With their dense populations and extensive development, urban areas are particularly vulnerable to rising global temperatures, changes in rainfall patterns, and more extreme weather events.

As population grows and land development continues, cities are facing increased risks of flash flooding due to a lack of natural drainage and an increasing number of impervious surfaces. This means stormwater runoff and its return to the water table becomes more difficult, eventually leading to water overflow, habitat loss and erosion.

The problem of diminishing levels of natural drainage is further compounded by the heat island effect associated with dense urban areas, where higher temperatures lead to increased precipitation.

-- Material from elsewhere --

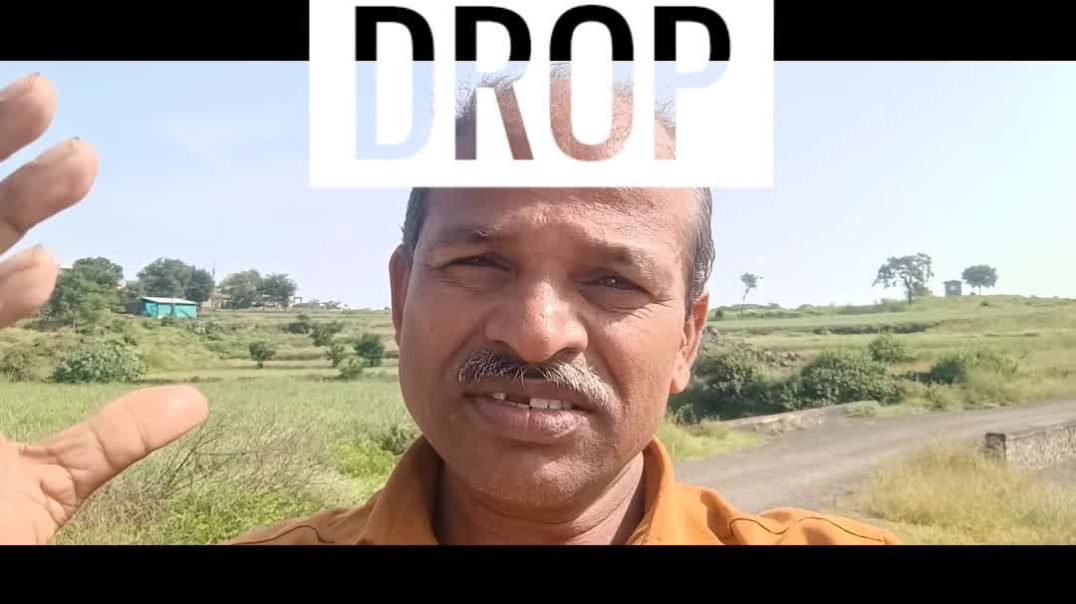 Travel with Bajaj Maxima Cargo tempo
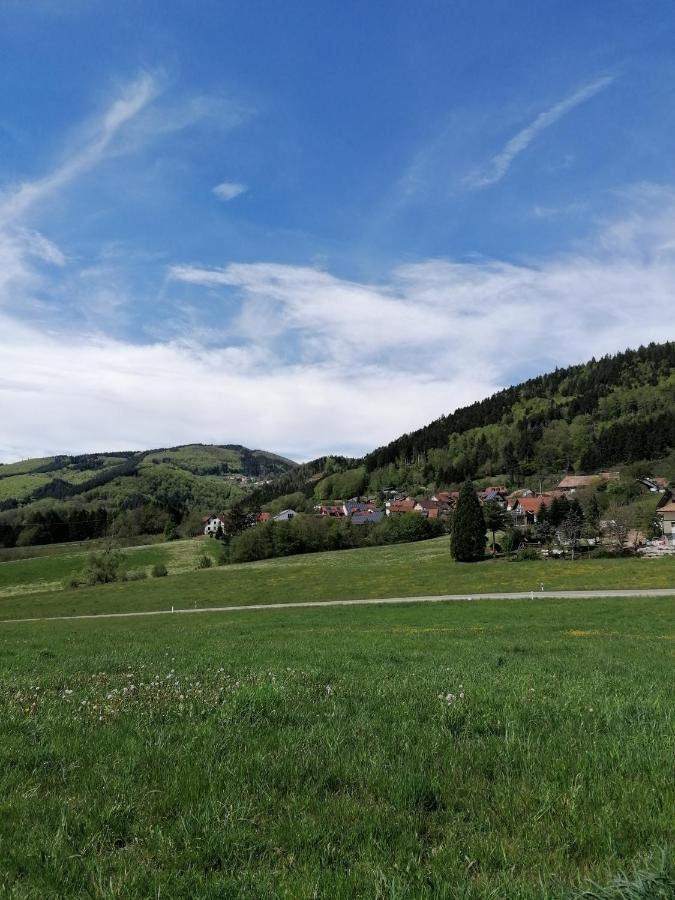 Schwarzwald Appartement 스타이넨 외부 사진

To achieve and maintain appropriate drainage that can service severe weather events, it is important to adopt solutions that can closely mimic the natural systems that existed pre-development.

There are many systems and practices that are able to fulfil this approach, such as permeable paving and concrete, infiltration trenches, roof reservoirs and detention reservoirs.

To determine which system is suitable for any given area, there are a number of factors to take into consideration, including urban factors, social, economic and environmental issues; including the drainage area, the infiltration capacity of the soil, groundwater level, land slope, and the presence of sediments.

Permeable paving is recognised as an integral part of water sensitive urban design (WSUD), and is increasingly being employed as a vital method in complying with requirements for permeability, tree protection, and WSUD compliance.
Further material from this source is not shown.